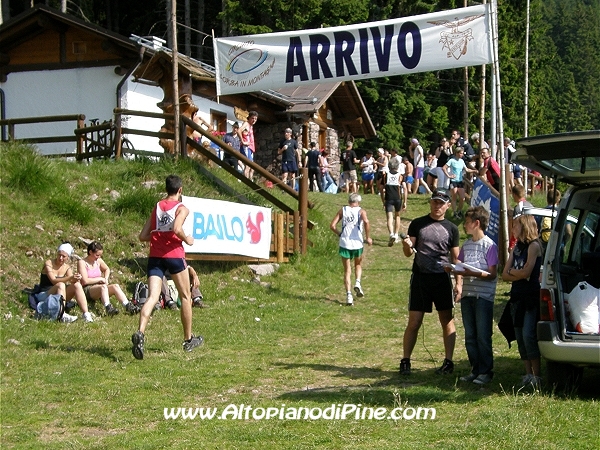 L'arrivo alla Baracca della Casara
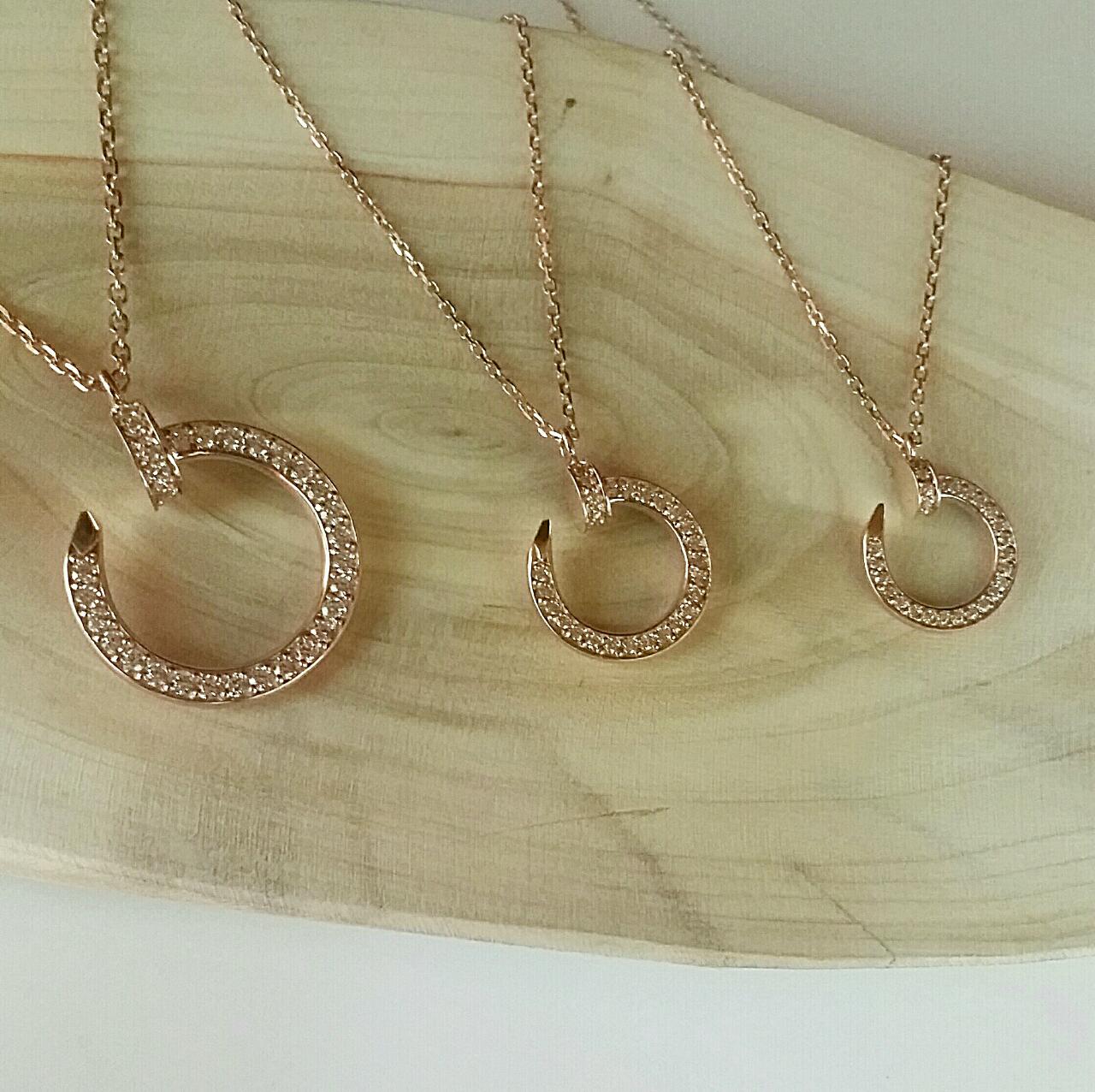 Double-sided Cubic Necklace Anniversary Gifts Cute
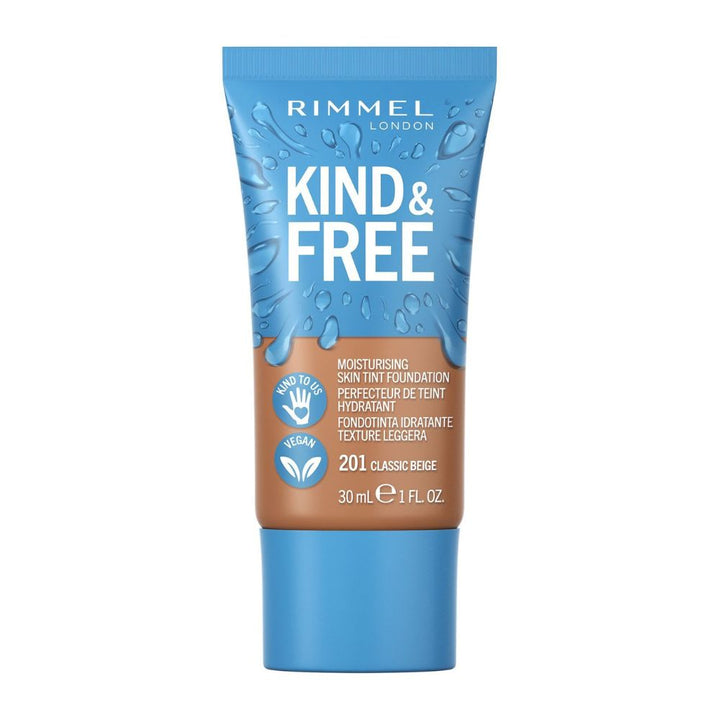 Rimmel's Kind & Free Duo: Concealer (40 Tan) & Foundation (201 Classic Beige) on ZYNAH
────────
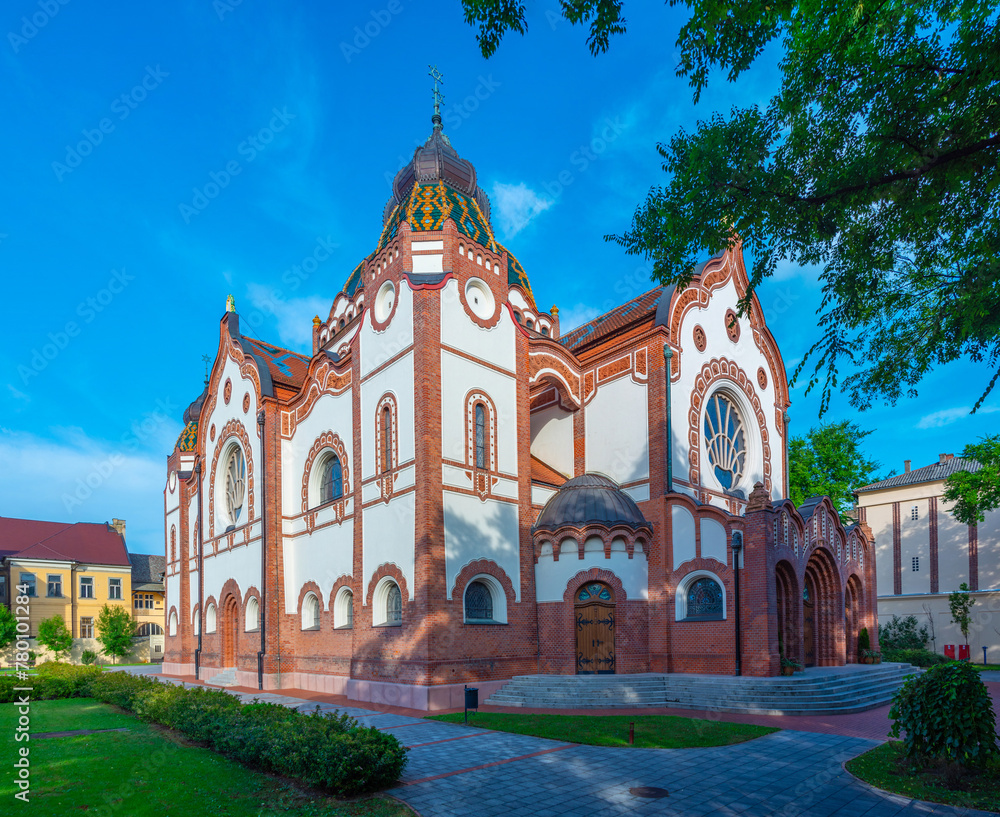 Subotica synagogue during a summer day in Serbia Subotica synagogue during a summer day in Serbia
────────
About this task
Copy the listing above exactly, but only from the line with "L'arrivo alla Baracca della Casara" through the line with "Rimmel's Kind &", including those two lines and excluding any picture.

Task answer
 L'arrivo alla Baracca della Casara
 Double-sided Cubic Necklace Anniversary Gifts Cute
 Rimmel's Kind & Free Duo: Concealer (40 Tan) & Foundation (201 Classic Beige) on ZYNAH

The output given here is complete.